The day is coming to a close, the stars once again filling the sky, like diamonds on dark velvet. It has been a long day but good. We are still unpacking but the boxes now number ever fewer. The pictures have begun making their way to the walls and a house begins to look like a home.
Tonight we or should I say I cleaned the pumpkins, preparing them to be graced with faces created by those more artistic than myself, a blister on my ring finger proof of my efforts. The four magnificent soon to be jack-o-lanterns wait for their artist to carve his creations. For the first time in eight years, the dog did not try to help herself as we cleaned making the work much easier.
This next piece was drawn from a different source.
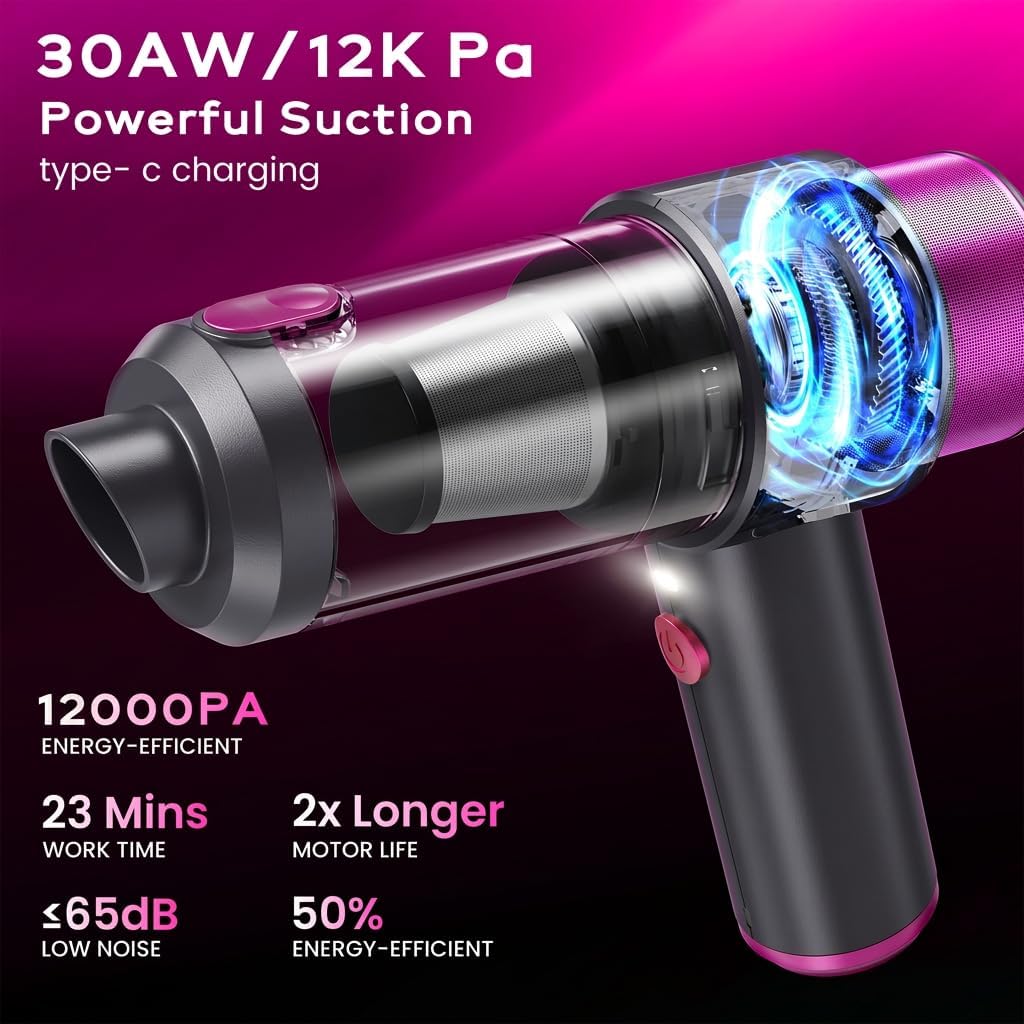 Car Vacuum Handheld Vacuum Cleaner, 12000PA Suction, Mini Vacuums with Air Duster and Blower, Portable Hand Held Vacuum for Car, House, Crumbs, Hair (Pink)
The weather has calmed from the reminder of winter soon to come and we now bask in Autumn days and sunshine. The temperatures let us forget for just a moment the snow and cold that will soon be a daily companion. This promises to hold for Halloween night and I look forward to an evening of mild weather. It has been fifteen years since I sat out in such clothing, the fall before my youngest son was born.
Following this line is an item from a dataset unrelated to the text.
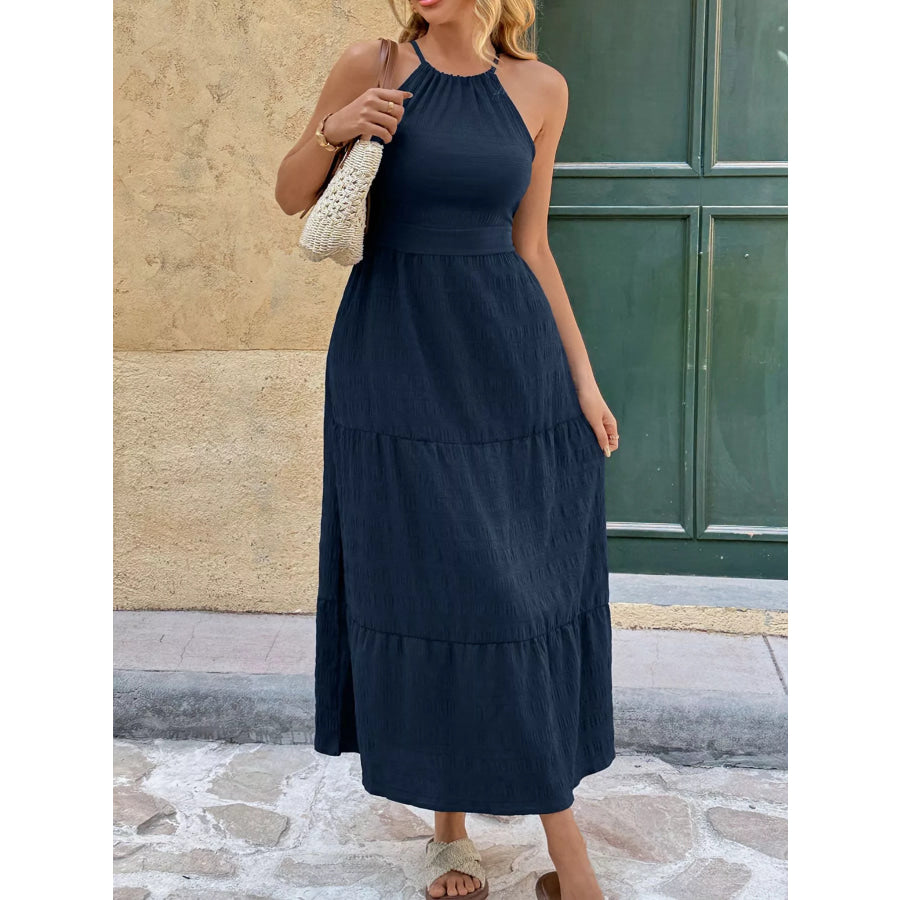 Tie Back Tiered Midi Dress Apparel and Accessories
Tonight as I sit here I have the pleasure to look out on the pond, now so still without the wind, the few house lights twinkling on the surface of the water. It is peaceful and I hear the call of something I still cannot explain. Though my meadow is no longer here, there will be other meadows to find, other secret paths and small sanctuaries. Time is what I need now, time to wander, time to myself to let go of all that is around me and just drift. Each night I promise myself I will find that time and each night I drift away with my thoughts, exhausted from the days work. Time goes so quickly now it seems, and there are words I need to write and words I need to speak to the stars. Those words will find their way to those who wait.
For now I must go and clean the pumpkin from myself and make an attempt to energize before I drift once again to sleep.